The biggest difficulty with Owl Finches is getting them to settle down long enough to nest (problem is second only to accurately sexing the Owls). The little guys act more like waxbills than their nearest cousin the Zebra Finch. I learned from another breeder to offer plenty of cover when trying to breed them in cages. I’ll tie bamboo branches or plastic plants to the outside of the cage to offer them some cover (bamboo covered cage). Even though they have a definite preference for the woven baskets, I try to get them to use nest boxes instead. The baskets are difficult to check on and their nails can get caught in the weaving.
Owl Finches can breed at 6 months of age, but it’s best to wait at least nine months to a year to breed them. This gives the owner a chance to get them into prime breeding condition, which is done though a varied and healthy diet and enough light and exercise. Owl finches are generally good parents, but some can be a little too carefree with their sitting habits, or can toss the occasional baby out of the nest. It’s convenient to have other similarly sized finches nesting at the same time, such as zebra and society finches, who will generally willingly foster the eggs or babies. Owls that are good parents will also foster other species as well.

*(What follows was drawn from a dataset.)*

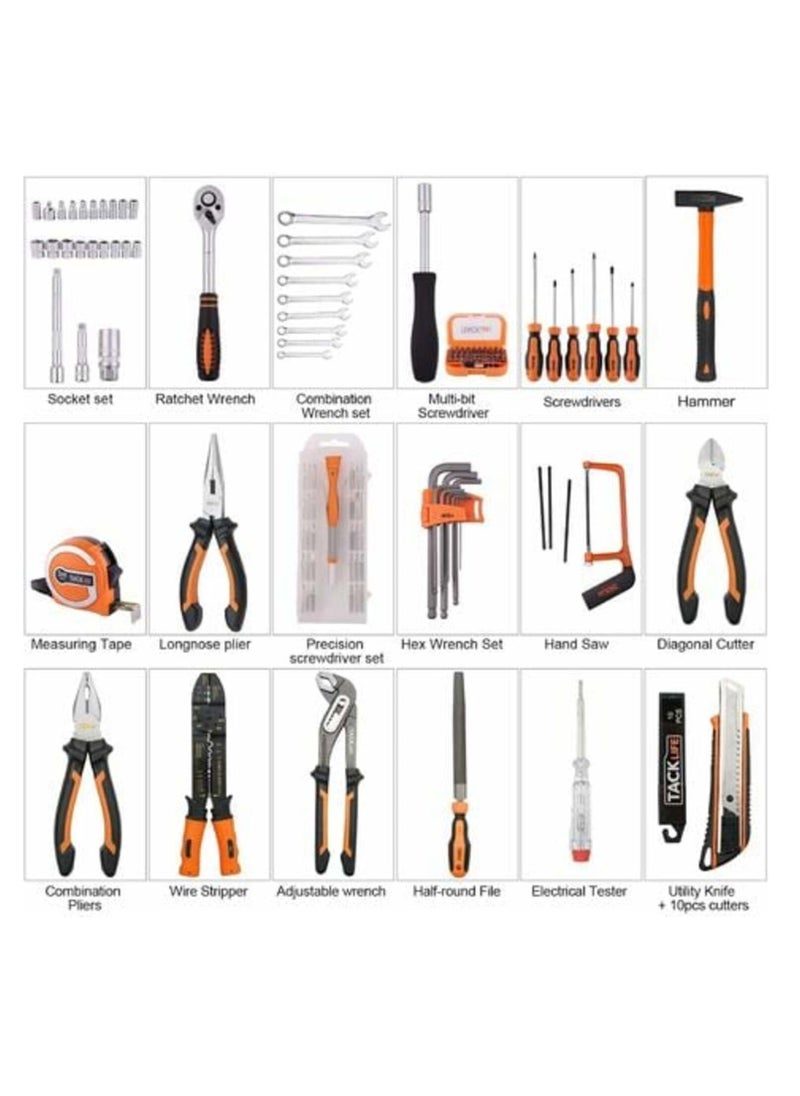 TACKLIFE - TACKLIFE Tool Case, 136 Pieces Tool Box, Aluminum Tool Chest, Multi-Function Hand Tool Set HHK4B - Image 1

When trying to foster eggs with a pair of Zebra Finches, I recommend not mixing the clutch with Zebra eggs. Even though the chicks are nearly identical in appearance, I could still identify them by the greater amount of fuzz and the mouth markings. Apparently, so could the Zebra Finches who tossed them out. It could have been the amount of fuzz, the mouth markings, the begging noises or their more rapid head and neck movements of the begging chicks. I feel that the Zebras would have taken care of them had they not been mixed in with their own chicks. I have not had any problems fostering them under Bengalese Finches, even when mixed with Zebras, Rufus-backed Mannikins and Bengalese Finches.
Owl Finches that are housed indoors will appreciate as large a cage as possible, at least 0.6m x 1m, longer and wider rather than taller. These birds are small, but they’re active. Females can become eggbound if they don’t get enough exercise. Because they can succumb easily to cold temperatures, this finch must be kept in temperatures no lower than 10°C, though they prefer to be warmer. They do not like drafts, and can’t handle prolonged periods of direct sunlight unless they have a cooler shady spot where they can retreat.
The Owl Finch should be fed a good-quality seed and pellet-based diet, along with egg food, a mineral grit, and charcoal. They will also appreciate nestling food, as well as packaged easy-to-make soft foods for birds. A cuttlebone should also be available as a source of calcium.
Owl Finches relish small mealworms, and can have two to four per bird per day. Nesting Owl Finches and those feeding babies should have live food available as a protein source. These birds hunt insects in the wild, so it’s a natural food for them. If these are not available, another protein source can be used, such as well-cooked hard-boiled egg crumbled into a separate cup.
Overall the Owl Finch is highly recommended species to work with and they are a great addition to a community aviary and excellent finch to keep alongside your other finches.